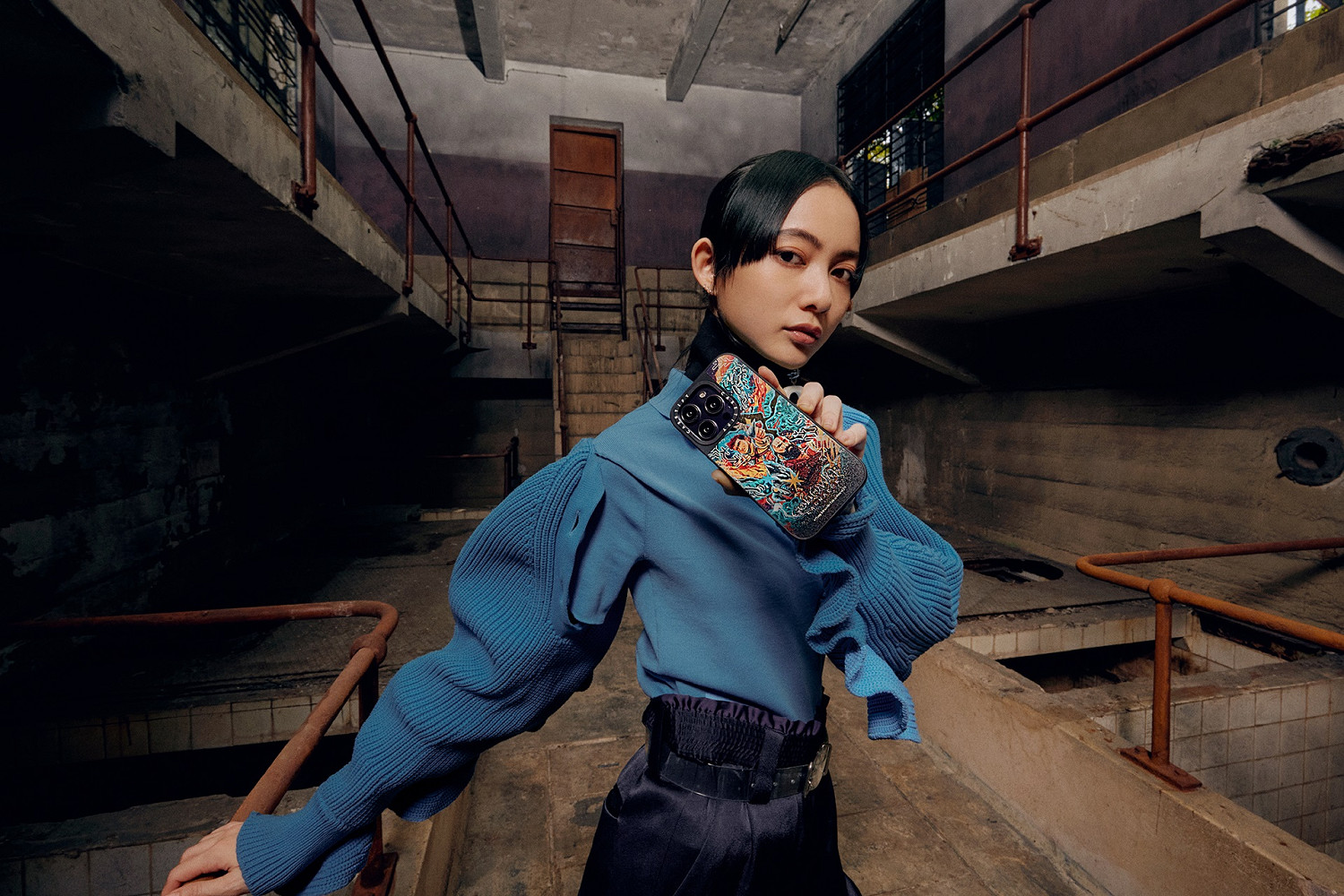 索尼《戰神5》與CASETiFY聯手推出限量版周邊手機殼 索尼《戰神5》與CASETiFY聯手推出限量版周邊手機殼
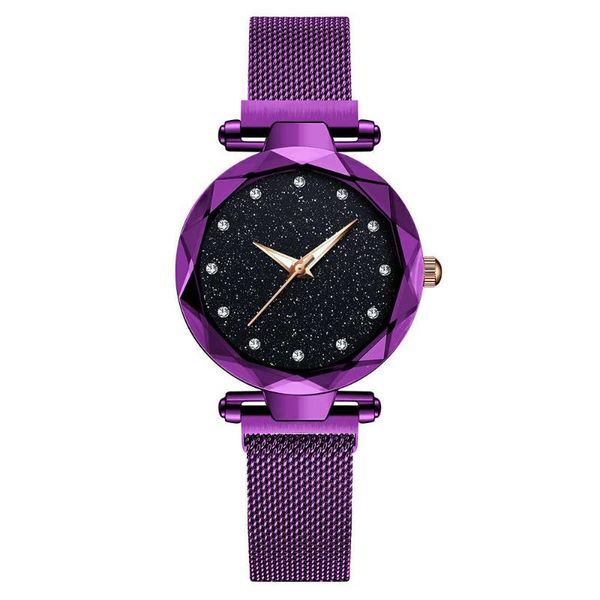 luxury women watches ladies magnetic starry sky clock fashion diamond female quartz wristwatches, Slivery;brown
luxury women watches ladies magnetic starry sky clock fashion diamond female quartz wristwatches, Slivery;brown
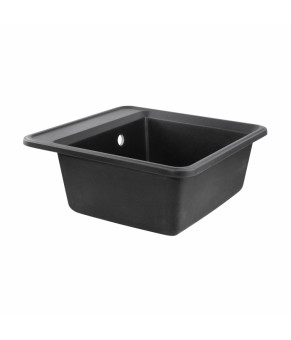 Кухонная мойка Qtap CS 5151 Black (QTCS5151BLA)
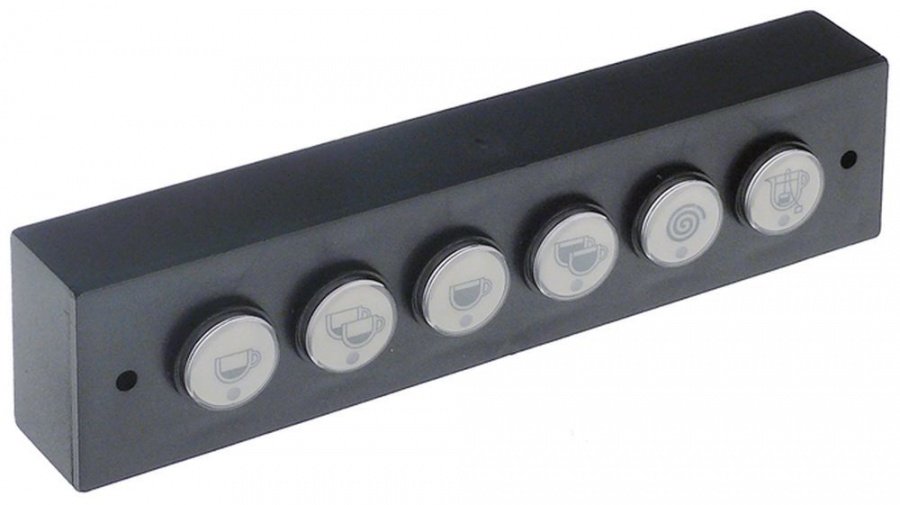keypad unit buttons 6 standard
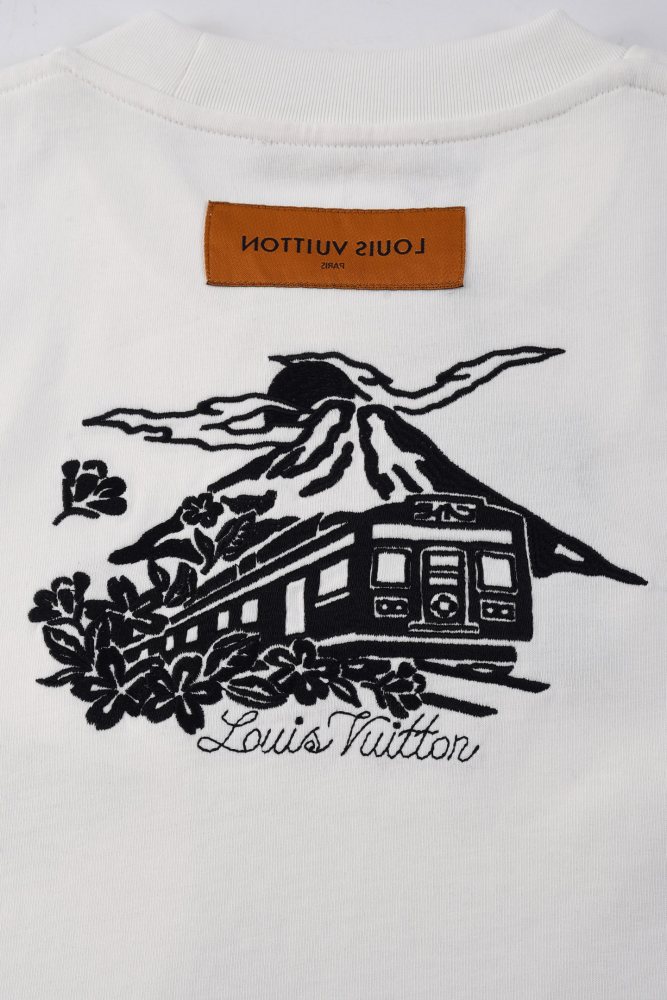 LV T-Shirts High quality L2624 ZG001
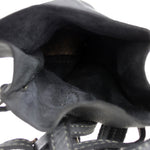 Load image into Gallery viewer, BZNA Bag Finja Schwarz Designer mobile Handytasche Ledertasche Umhängetasche
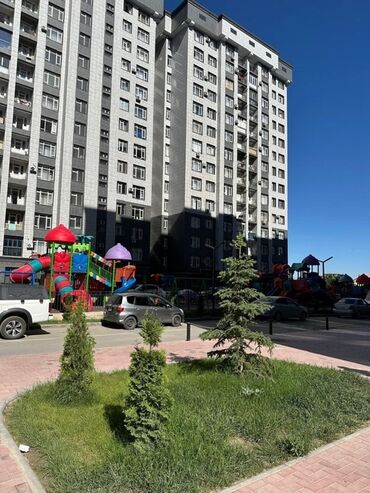 квартиры джале: 1 комната, 42 м², Элитка, 6 этаж, Евроремонт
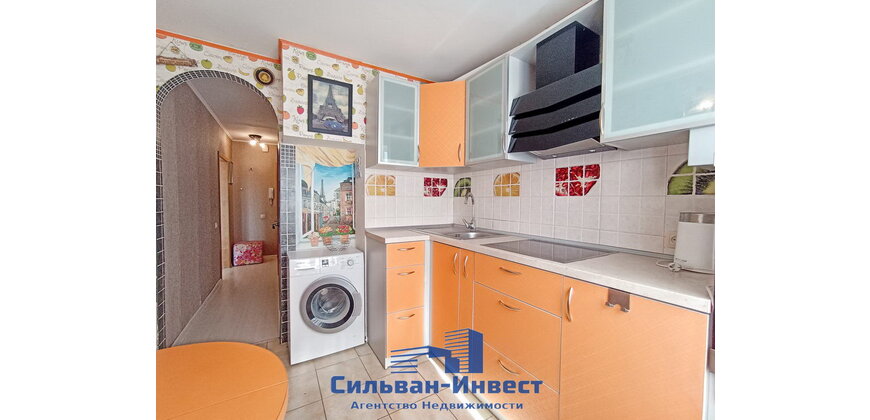 1 комнатная квартира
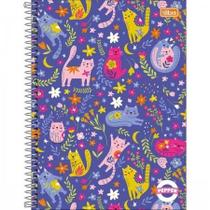 Caderno Tilibra Pepper Universitário 10 Matérias 160f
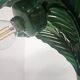 "Palm Tree" floor lamp attributed to Sergio Terzani, 1970s.
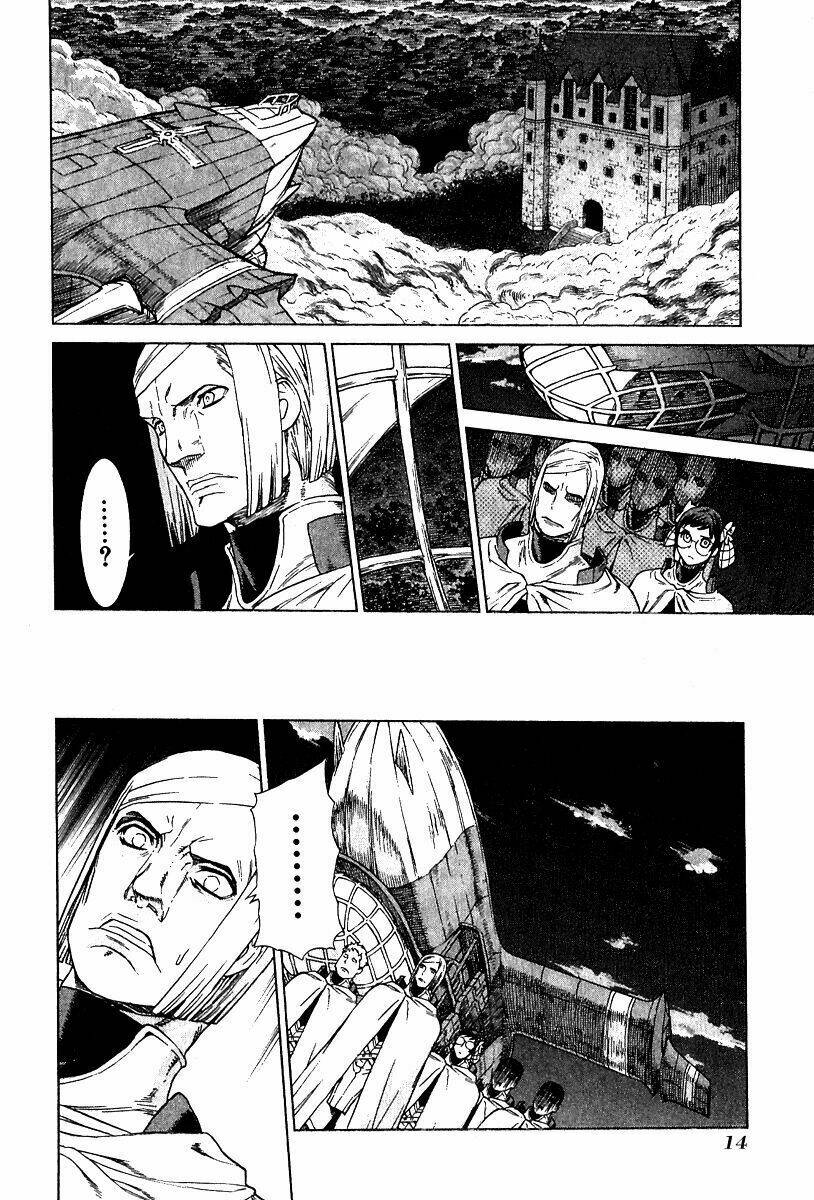 Ubel Blatt: Chapter 77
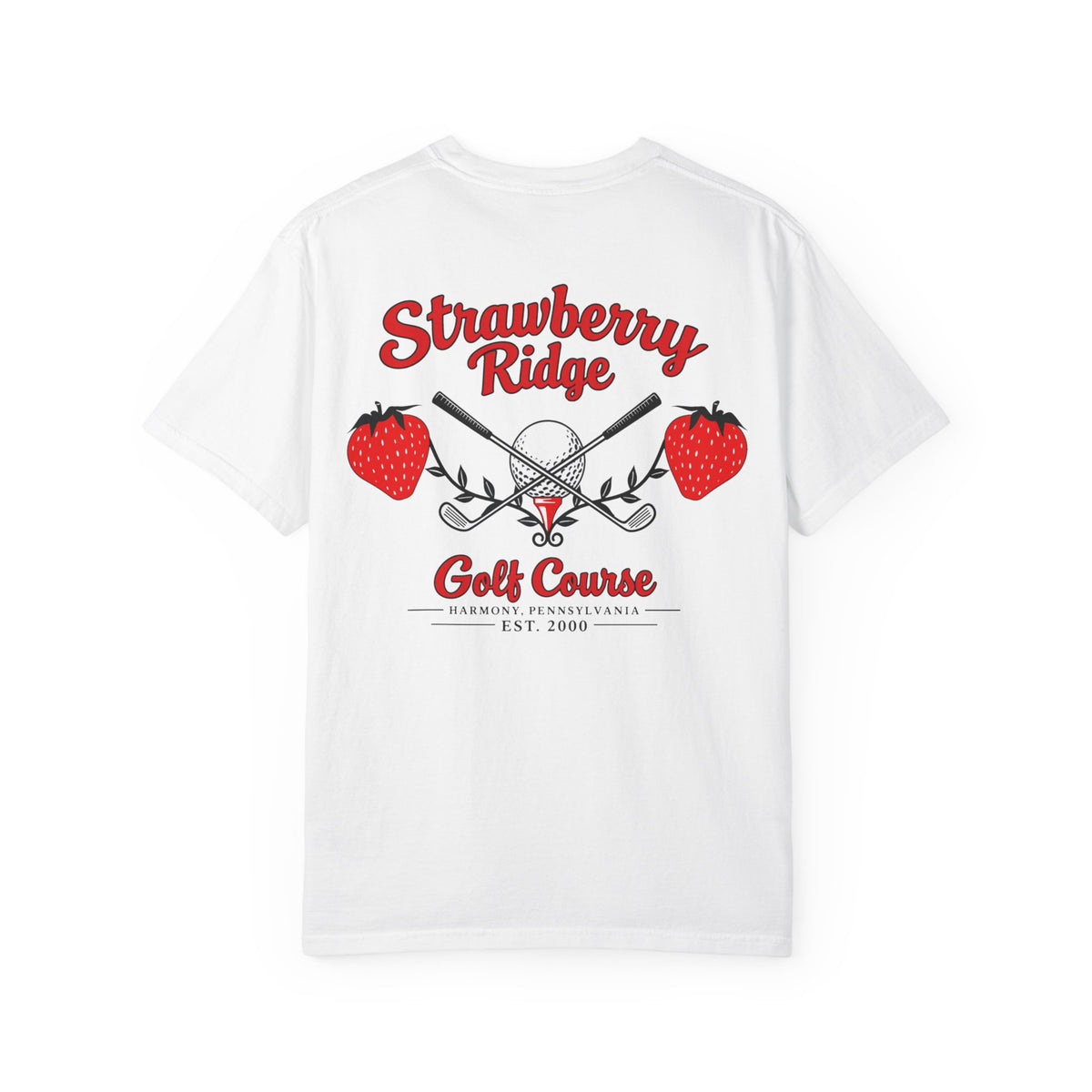 Strawberry Ridge Golf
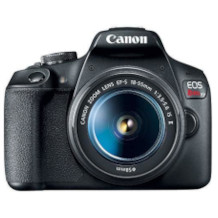 Canon appareil photo reflex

• [Task brief]: Copy word for word the lines of the records above from the one with "LV T-Shirts High quality L2624 ZG001" up to and including the one with "Caderno Tilibra Pepper". Skip the pictures.

• [Response for this exercise]:
 LV T-Shirts High quality L2624 ZG001
 Load image into Gallery viewer, BZNA Bag Finja Schwarz Designer mobile Handytasche Ledertasche Umhängetasche
 квартиры джале: 1 комната, 42 м², Элитка, 6 этаж, Евроремонт
 1 комнатная квартира
 Caderno Tilibra Pepper Universitário 10 Matérias 160f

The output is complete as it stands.